Even comedy we consider iconic is being spat on. Recently, the BBC’s controller of comedy commissioning, Shane Allen, boasted about how diverse his comedy lineup on television is becoming, and took a swipe at legendary comedy group Monty Python in the process.
“If you’re going to assemble a team now, it’s not going to be six Oxbridge white blokes. It’s going to be a diverse range of people who reflect the modern world,” said Allen.
This got back to Monty Python actor Terry Gilliam who was recently interviewed while giving a press conference at the Karlovy Vary film festival where he was presenting his new film The Man Who Killed Don Quixote.
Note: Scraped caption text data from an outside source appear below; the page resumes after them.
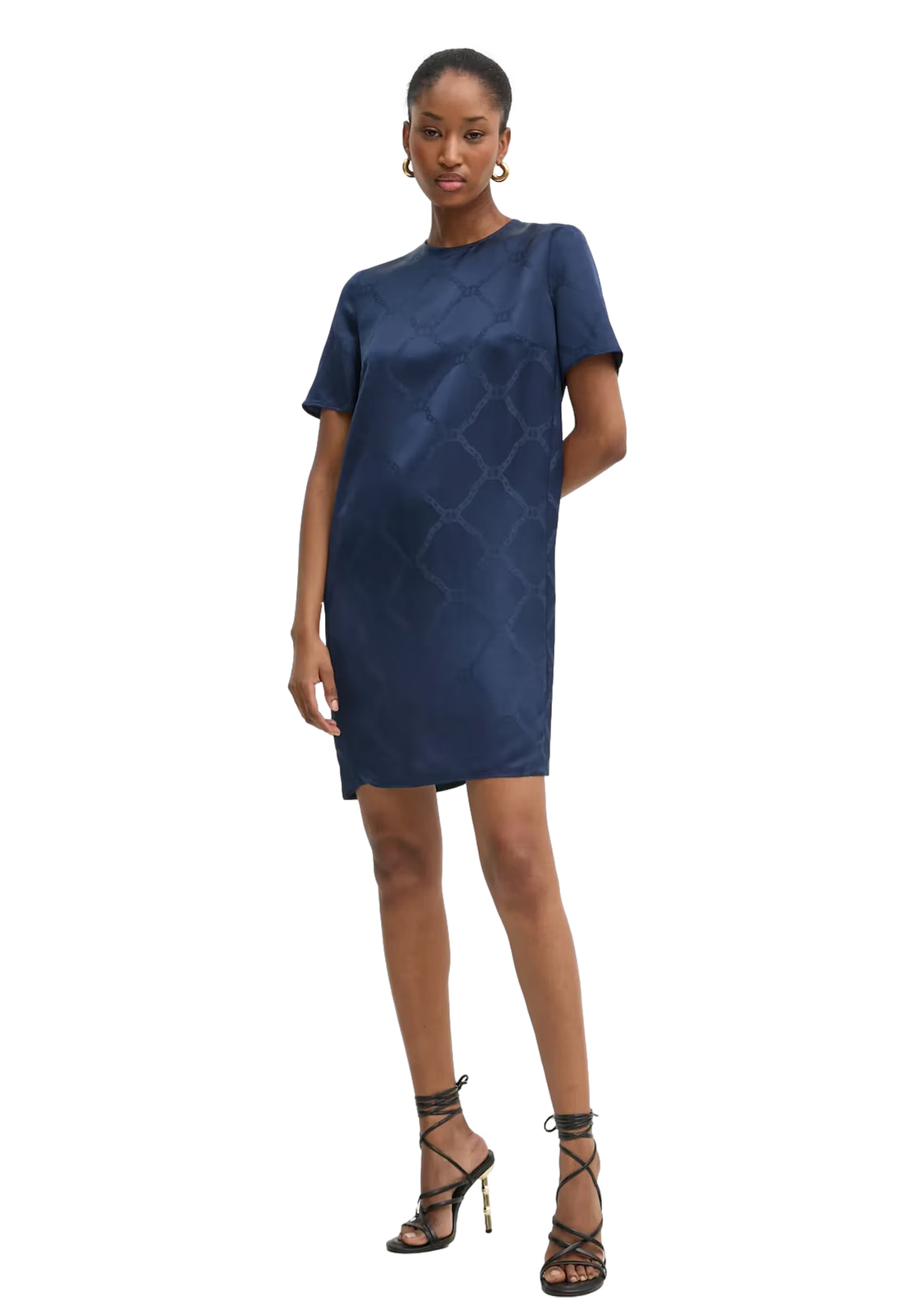 TWINSET ABITO EFFETTO SETA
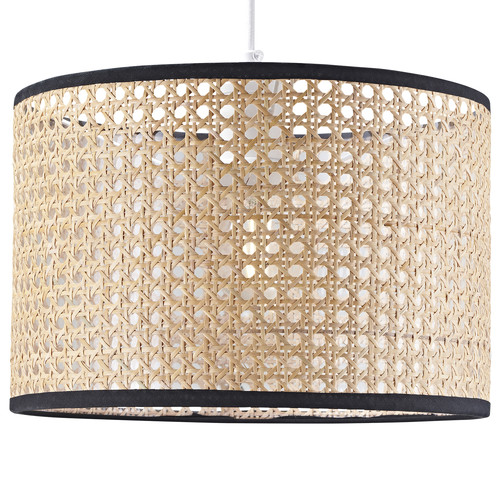 Natural wicker rattan drum - wicker,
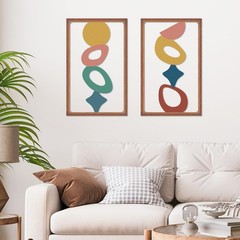 Abstract Metal Irregular Wall Art – Modern 2D Geometric Metal Wall Decor for …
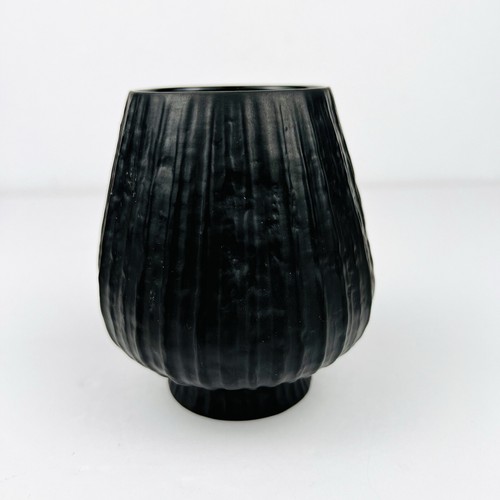 Jarrón de colección ROSENTHAL Studio Line porcelana negra negro Martin Freyer Alemania Occidental - Imagen 12 de 14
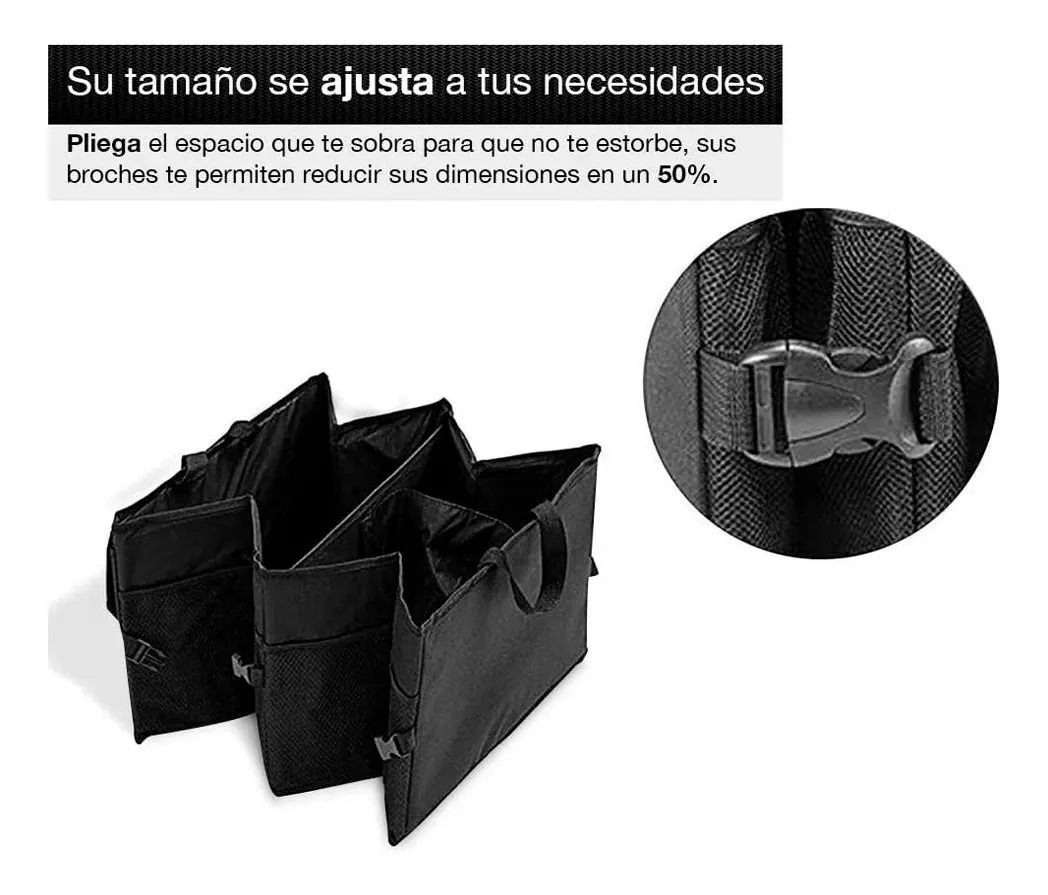Organizador Cajuela Plegable Impermeable para Automóvil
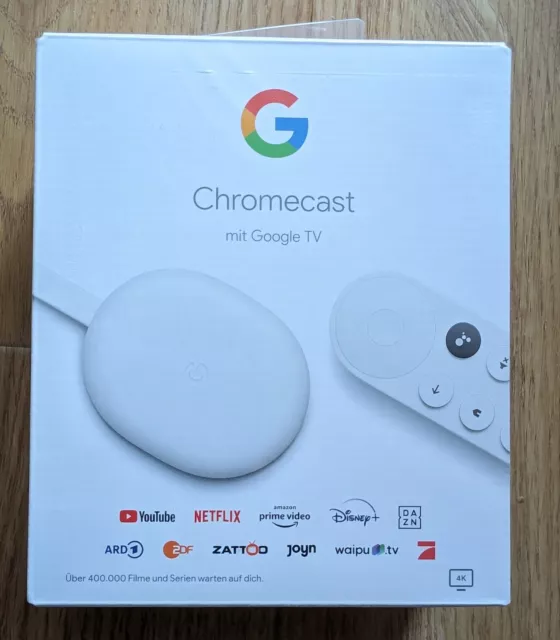 Google Chromecast 4K mit Google TV, NEU, ungeöffnete Originalverpackung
According to the Guardian, Gilliam expressed sadness over the fact that comedy has become so politically correct that you can’t even be an all-white comedy troop anymore, and declared that he’s declared himself as a black lesbian:
Speaking at a press conference at the Karlovy Vary film festival, where he was presenting his new film The Man Who Killed Don Quixote, Gilliam said: “It made me cry: the idea that … no longer six white Oxbridge men can make a comedy show. Now we need one of this, one of that, everybody represented… this is bullshit. I no longer want to be a white male, I don’t want to be blamed for everything wrong in the world: I tell the world now I’m a black lesbian… My name is Loretta and I’m a BLT, a black lesbian in transition.”
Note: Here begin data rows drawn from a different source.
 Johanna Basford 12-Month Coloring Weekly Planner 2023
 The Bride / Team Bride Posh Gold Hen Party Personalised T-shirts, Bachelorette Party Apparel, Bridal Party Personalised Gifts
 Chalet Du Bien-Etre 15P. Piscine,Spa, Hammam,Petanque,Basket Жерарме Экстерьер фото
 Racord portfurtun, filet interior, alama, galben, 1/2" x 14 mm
He added: “[Allen’s] statement made me so angry, all of us so angry. Comedy is not assembled, it’s not like putting together a boy band where you put together one of this, one of that everyone is represented.”
The former comedy troop’s John Cleese also sent out an angry tweet in response, pointing out that Monty Python was pretty diverse at that time.
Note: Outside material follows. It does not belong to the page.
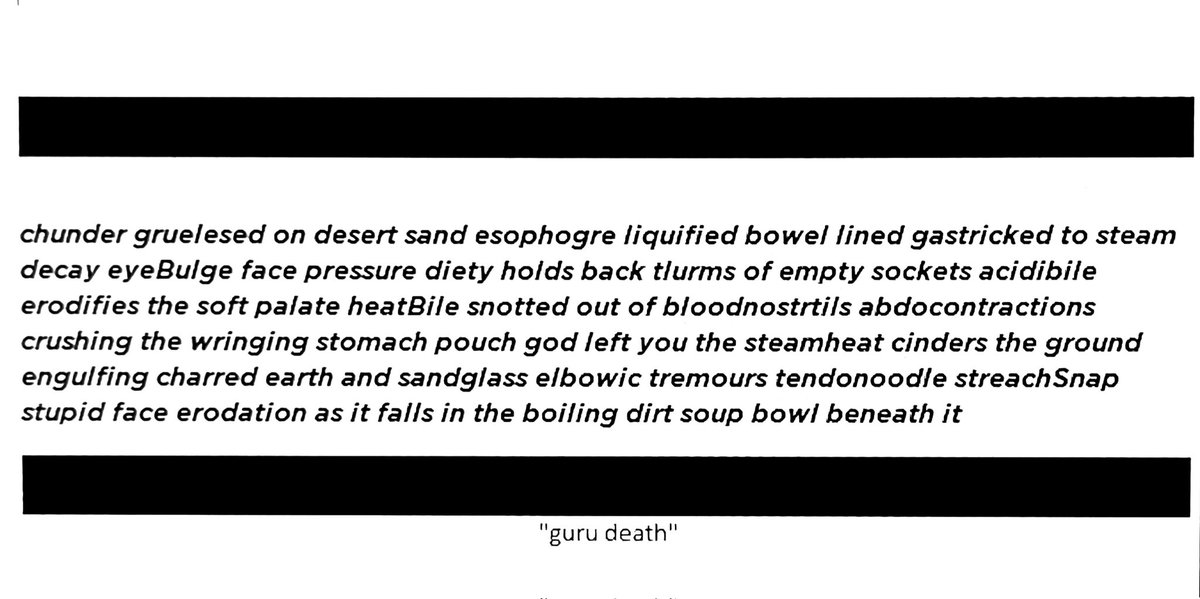 JoeyLaijas's tweet photo. #poem #poetry #gore #nonsense #squick https://t.co/3dqCzx3fUo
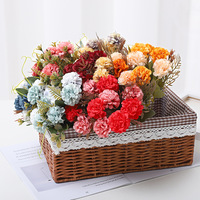 Fleurs artificielles réalistes faites à la main en plastique, Hortensias Mary MY-Mary Hydrangea, Décoration pour la maison, mariage, Pâques, Accessoires de photographie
“BBC’s Head of Comedy puts Monty Python’s lack of originality down to a surfeit of education and racist bias,” tweeted Cleese. “Unfair! We were remarkably diverse FOR OUR TIME.”
“We had three grammar-school boys, one a poof, and Gilliam, though not actually black, was a Yank. And NO slave-owners,” he added.
BBC's Head of Comedy puts Monty Python's lack of originality down to a surfeit of education and racist bias
Unfair ! We were remarkably diverse FOR OUR TIME
We had three grammar-school boys, one a poof, and Gilliam, though not actually black, was a Yank. And NO slave-owners
— John Cleese (@JohnCleese) June 20, 2018
Gilliam later doubled down on his comments in an interview, stating that ego tends to play a part in how offended people have become when it comes to being offended, according to the Daily Wire:
“I always felt the British are very good at laughing at themselves; the Americans are better at laughing at other people,” Gilliam told the Journal. “I still think it’s pretty true, but it’s changing because now we can’t laugh at anybody because it causes offense.”
At the heart of the perpetual offense phenomenon, he said, is ego. “There’s a kind of egotism out there: ‘Oh, they were making fun of me,'” he said. “Never heard of you. I’m making fun of an idea.”
A great deal of mainstream comedy nowadays is usually what’s known as “clapter,” which is a term coined by Ben Shapiro. The idea is that what many comedians are saying isn’t actually funny, it’s just a political opinion delivered in a humorous tone that elicits more clapping than it does laughter.
Actual comedy, like the kind seen from figures like Monty Python or Mel Brooks, would likely create such outrage that creating it wouldn’t be worth the headache. This is heartbreaking since comedy not only lightened the mood of society, but it made sure that the aforementioned sacred cows never achieved such an untouchable status.
Satire and mockery are great equalizers. Hopefully, our society will turn away from this “clapter” nonsense and encourage the return of actual comedy.